We previously constructed computational models based on the biochemical pathway analysis of different nitric oxide (NO) synthase isoforms and found a large discrepancy between our predictions and perivascular NO measurements, suggesting the existence of nonenzymatic sources of NO. S-nitrosohemoglobin (SNOHb) has been suggested as a major source to release NO in the arteriolar lumen and induce hypoxic vasodilation. In the present study, we formulated a multicellular computational model to quantify NO exposure in arteriolar smooth muscle when the NO released by intraerythrocytic SNOHb is the sole NO source in the vasculature. Our calculations show an NO exposure of approximately 0.25-6 pM in the smooth muscle region. This amount does not account for the large discrepancy we encountered regarding perivascular NO levels. We also found that the amount of NO delivered by SNOHb to smooth muscle strongly depends on the SNOHb concentration and half-life, which further determine the rate of NO release, as well as on the membrane permeability of red blood cells (RBCs) to NO. In conclusion, our mathematical model predicts that picomolar amounts of NO can be delivered to the vascular smooth muscle by intraerythrocytic SNOHb; this amount of NO alone appears not sufficient to induce the hypoxic vasodilation.
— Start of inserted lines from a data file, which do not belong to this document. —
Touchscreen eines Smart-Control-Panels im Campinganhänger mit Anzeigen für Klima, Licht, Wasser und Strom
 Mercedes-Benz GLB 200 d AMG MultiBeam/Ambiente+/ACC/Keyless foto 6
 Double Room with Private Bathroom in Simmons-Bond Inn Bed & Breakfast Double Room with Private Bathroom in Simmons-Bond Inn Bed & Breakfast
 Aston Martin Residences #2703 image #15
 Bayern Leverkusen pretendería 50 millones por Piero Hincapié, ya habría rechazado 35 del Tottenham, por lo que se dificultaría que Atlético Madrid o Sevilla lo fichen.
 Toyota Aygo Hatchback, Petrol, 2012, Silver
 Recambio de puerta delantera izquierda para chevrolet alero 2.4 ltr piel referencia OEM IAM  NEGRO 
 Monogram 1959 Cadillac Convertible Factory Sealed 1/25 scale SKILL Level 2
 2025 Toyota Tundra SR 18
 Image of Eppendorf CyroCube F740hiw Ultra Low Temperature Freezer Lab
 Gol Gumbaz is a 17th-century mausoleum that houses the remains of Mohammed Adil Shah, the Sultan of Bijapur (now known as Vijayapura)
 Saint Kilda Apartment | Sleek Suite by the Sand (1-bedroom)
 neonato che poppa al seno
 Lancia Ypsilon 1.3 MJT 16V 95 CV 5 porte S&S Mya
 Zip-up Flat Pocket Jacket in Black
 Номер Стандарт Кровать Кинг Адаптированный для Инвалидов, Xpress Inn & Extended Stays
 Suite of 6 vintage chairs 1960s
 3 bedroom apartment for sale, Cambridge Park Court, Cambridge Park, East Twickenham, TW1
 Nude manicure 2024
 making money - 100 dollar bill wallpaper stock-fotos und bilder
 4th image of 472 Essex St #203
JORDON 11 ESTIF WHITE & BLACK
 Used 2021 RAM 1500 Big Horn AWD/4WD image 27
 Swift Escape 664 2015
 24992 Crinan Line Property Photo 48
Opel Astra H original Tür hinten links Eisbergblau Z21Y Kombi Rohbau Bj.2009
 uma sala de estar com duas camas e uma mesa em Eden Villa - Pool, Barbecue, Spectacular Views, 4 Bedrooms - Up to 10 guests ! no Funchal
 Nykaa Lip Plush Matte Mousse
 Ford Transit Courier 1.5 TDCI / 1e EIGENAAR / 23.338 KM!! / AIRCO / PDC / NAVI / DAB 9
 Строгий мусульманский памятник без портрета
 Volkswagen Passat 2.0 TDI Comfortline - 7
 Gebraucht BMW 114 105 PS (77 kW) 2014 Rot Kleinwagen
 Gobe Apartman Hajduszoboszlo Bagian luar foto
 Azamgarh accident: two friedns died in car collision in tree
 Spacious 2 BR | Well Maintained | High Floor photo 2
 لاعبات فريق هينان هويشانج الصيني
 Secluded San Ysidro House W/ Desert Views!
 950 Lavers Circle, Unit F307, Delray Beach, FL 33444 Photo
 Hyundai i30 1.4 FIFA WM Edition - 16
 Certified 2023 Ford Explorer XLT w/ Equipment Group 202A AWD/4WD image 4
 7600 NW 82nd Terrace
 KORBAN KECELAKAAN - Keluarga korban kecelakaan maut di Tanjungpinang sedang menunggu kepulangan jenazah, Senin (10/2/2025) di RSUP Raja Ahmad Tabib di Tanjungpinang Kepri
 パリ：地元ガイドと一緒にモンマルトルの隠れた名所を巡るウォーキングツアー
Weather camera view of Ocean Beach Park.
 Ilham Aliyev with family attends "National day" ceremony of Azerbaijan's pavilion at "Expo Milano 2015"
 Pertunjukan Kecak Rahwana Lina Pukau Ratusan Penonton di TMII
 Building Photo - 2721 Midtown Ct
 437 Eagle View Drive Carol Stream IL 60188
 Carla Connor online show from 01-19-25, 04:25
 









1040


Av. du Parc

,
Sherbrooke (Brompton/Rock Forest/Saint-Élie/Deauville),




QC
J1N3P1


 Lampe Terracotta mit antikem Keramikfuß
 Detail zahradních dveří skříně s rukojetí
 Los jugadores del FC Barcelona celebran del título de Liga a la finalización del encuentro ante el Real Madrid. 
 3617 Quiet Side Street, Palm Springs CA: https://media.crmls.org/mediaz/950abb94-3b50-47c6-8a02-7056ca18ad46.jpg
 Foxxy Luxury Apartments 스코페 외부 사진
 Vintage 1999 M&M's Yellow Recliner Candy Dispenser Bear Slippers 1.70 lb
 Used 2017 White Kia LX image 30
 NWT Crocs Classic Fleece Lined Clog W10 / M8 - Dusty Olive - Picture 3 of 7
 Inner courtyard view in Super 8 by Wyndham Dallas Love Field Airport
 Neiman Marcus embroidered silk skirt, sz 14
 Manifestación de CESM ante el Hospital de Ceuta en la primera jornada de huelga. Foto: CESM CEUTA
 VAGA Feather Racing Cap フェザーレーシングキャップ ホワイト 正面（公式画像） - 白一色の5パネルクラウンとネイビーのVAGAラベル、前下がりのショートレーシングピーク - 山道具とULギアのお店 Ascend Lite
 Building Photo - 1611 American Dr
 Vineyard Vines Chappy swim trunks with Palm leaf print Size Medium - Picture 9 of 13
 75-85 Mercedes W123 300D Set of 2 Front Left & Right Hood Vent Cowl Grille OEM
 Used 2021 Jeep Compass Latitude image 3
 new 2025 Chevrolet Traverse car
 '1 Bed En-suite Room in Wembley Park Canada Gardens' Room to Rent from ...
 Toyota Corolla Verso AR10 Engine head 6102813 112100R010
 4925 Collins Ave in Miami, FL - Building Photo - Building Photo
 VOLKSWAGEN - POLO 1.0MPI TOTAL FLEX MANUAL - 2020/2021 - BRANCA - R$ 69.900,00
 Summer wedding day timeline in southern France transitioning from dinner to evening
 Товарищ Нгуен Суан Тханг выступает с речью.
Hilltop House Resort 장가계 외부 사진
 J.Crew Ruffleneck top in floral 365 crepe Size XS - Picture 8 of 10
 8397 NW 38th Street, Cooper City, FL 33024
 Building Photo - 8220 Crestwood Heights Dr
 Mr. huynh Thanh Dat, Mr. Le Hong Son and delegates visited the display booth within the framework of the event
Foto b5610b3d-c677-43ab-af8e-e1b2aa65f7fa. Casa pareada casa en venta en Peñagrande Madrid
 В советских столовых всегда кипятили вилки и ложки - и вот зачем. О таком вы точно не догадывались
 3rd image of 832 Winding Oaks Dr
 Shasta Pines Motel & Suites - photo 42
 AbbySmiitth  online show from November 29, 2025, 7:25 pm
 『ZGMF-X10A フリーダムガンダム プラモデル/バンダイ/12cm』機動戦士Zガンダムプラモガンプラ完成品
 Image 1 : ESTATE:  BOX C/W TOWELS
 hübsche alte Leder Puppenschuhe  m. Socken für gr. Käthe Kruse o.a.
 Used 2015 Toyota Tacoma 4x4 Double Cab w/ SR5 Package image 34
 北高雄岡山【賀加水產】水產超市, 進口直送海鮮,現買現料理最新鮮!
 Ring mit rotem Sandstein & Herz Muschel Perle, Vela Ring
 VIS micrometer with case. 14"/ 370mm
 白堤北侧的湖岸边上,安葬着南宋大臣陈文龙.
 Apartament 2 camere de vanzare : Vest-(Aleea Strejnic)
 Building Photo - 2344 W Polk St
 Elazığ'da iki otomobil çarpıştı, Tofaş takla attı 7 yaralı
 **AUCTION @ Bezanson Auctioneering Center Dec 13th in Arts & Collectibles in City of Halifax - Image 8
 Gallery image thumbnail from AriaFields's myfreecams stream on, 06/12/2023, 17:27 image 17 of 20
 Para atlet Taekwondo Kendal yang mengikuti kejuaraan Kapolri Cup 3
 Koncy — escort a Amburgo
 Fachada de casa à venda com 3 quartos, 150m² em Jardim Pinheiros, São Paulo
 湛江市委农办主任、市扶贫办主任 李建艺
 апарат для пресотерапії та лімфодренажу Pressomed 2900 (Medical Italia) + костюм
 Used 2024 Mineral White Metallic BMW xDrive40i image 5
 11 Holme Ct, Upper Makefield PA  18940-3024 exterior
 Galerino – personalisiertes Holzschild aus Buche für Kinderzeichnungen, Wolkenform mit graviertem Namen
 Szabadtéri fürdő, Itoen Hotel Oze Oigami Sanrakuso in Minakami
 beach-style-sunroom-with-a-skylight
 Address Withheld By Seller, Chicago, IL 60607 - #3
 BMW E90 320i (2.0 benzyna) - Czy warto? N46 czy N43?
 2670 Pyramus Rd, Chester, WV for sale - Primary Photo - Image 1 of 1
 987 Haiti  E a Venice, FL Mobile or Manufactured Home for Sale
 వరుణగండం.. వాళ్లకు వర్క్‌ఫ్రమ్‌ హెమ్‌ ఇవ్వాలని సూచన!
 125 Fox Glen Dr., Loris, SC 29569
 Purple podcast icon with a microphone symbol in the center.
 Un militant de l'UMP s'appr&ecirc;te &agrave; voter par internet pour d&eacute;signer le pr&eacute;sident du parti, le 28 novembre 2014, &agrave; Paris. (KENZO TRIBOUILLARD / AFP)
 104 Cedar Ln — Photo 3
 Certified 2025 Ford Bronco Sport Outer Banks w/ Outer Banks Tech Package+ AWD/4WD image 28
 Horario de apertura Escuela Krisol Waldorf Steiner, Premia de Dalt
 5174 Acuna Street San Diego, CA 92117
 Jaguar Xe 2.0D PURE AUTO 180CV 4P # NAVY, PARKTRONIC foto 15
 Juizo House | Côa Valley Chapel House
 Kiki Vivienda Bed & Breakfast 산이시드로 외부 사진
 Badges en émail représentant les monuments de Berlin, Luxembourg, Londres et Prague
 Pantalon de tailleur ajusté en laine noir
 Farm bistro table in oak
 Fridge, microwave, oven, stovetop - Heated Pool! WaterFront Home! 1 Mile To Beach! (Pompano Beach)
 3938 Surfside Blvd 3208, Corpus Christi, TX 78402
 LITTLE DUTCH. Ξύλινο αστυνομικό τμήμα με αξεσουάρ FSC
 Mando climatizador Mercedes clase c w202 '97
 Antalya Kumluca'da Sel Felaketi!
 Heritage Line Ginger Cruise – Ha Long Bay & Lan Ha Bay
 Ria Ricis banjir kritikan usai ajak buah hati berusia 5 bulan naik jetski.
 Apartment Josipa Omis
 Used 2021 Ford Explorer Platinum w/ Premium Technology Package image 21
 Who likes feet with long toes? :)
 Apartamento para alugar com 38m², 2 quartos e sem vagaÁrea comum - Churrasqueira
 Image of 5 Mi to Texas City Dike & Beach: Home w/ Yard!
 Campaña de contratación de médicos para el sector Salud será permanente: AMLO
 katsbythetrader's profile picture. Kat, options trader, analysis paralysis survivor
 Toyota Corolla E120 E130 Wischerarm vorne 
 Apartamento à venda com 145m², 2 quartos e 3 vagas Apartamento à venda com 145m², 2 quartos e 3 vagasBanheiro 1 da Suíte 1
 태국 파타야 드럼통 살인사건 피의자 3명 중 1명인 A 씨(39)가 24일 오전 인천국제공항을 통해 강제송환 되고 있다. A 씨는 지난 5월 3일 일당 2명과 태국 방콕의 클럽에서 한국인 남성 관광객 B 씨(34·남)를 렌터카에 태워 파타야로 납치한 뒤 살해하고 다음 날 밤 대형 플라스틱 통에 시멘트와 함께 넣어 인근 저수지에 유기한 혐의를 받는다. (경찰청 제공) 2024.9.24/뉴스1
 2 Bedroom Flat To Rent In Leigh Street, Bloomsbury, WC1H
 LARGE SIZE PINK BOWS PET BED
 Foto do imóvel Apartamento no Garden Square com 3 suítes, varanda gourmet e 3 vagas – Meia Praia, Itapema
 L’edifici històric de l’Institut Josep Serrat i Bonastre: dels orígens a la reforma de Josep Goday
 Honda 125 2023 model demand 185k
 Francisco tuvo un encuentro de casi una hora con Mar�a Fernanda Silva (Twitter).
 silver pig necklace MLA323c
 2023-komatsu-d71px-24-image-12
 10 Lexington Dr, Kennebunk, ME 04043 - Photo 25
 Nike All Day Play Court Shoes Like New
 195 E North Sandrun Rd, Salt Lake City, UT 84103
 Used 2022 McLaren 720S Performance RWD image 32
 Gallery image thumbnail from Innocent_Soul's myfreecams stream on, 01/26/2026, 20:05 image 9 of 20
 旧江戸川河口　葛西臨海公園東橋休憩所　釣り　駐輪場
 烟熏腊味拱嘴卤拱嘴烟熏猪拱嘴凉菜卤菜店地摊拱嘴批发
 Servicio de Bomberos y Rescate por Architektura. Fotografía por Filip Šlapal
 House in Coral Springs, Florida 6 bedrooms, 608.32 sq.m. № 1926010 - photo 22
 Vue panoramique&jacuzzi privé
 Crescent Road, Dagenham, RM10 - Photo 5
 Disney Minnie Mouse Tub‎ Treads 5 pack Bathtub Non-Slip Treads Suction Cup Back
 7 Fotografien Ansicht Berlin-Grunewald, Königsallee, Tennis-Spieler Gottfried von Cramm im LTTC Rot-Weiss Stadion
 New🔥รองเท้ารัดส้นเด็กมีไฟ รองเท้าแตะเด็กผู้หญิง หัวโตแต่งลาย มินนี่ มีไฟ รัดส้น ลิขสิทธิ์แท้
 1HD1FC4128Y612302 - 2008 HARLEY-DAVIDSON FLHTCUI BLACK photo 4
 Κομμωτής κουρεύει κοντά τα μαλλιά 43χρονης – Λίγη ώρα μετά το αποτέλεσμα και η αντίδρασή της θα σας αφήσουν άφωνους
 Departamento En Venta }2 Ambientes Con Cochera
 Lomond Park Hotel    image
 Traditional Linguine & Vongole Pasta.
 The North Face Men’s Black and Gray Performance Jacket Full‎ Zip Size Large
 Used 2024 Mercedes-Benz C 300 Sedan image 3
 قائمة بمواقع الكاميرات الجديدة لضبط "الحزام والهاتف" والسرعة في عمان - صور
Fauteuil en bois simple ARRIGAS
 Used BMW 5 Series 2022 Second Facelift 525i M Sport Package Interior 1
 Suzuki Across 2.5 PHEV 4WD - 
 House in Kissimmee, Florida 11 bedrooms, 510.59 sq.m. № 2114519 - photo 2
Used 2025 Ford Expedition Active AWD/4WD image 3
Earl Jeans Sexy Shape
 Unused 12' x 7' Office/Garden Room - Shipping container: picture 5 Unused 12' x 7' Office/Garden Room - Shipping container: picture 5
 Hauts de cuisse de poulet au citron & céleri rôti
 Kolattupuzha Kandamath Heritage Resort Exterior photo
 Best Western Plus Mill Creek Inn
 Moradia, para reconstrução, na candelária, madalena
我们之前基于对不同一氧化氮(NO)合酶亚型的生化途径分析构建了计算模型,结果发现我们的预测与血管周围NO测量值之间存在很大差异,这表明存在非酶促来源的NO。有人提出S-亚硝基血红蛋白(SNOHb)是在小动脉管腔中释放NO并诱导缺氧性血管舒张的主要来源。在本研究中,我们构建了一个多细胞计算模型,以量化当红细胞内SNOHb释放的NO是脉管系统中唯一的NO来源时,小动脉平滑肌中的NO暴露量。我们的计算表明,平滑肌区域的NO暴露量约为0.25 - 6 pM。这个量并不能解释我们在血管周围NO水平方面遇到的巨大差异。我们还发现,SNOHb向平滑肌输送的NO量强烈依赖于SNOHb的浓度和半衰期,这进一步决定了NO的释放速率,以及红细胞(RBC)对NO的膜通透性。总之,我们的数学模型预测,红细胞内的SNOHb可将皮摩尔量的NO输送到血管平滑肌;仅靠这个量的NO似乎不足以诱导缺氧性血管舒张。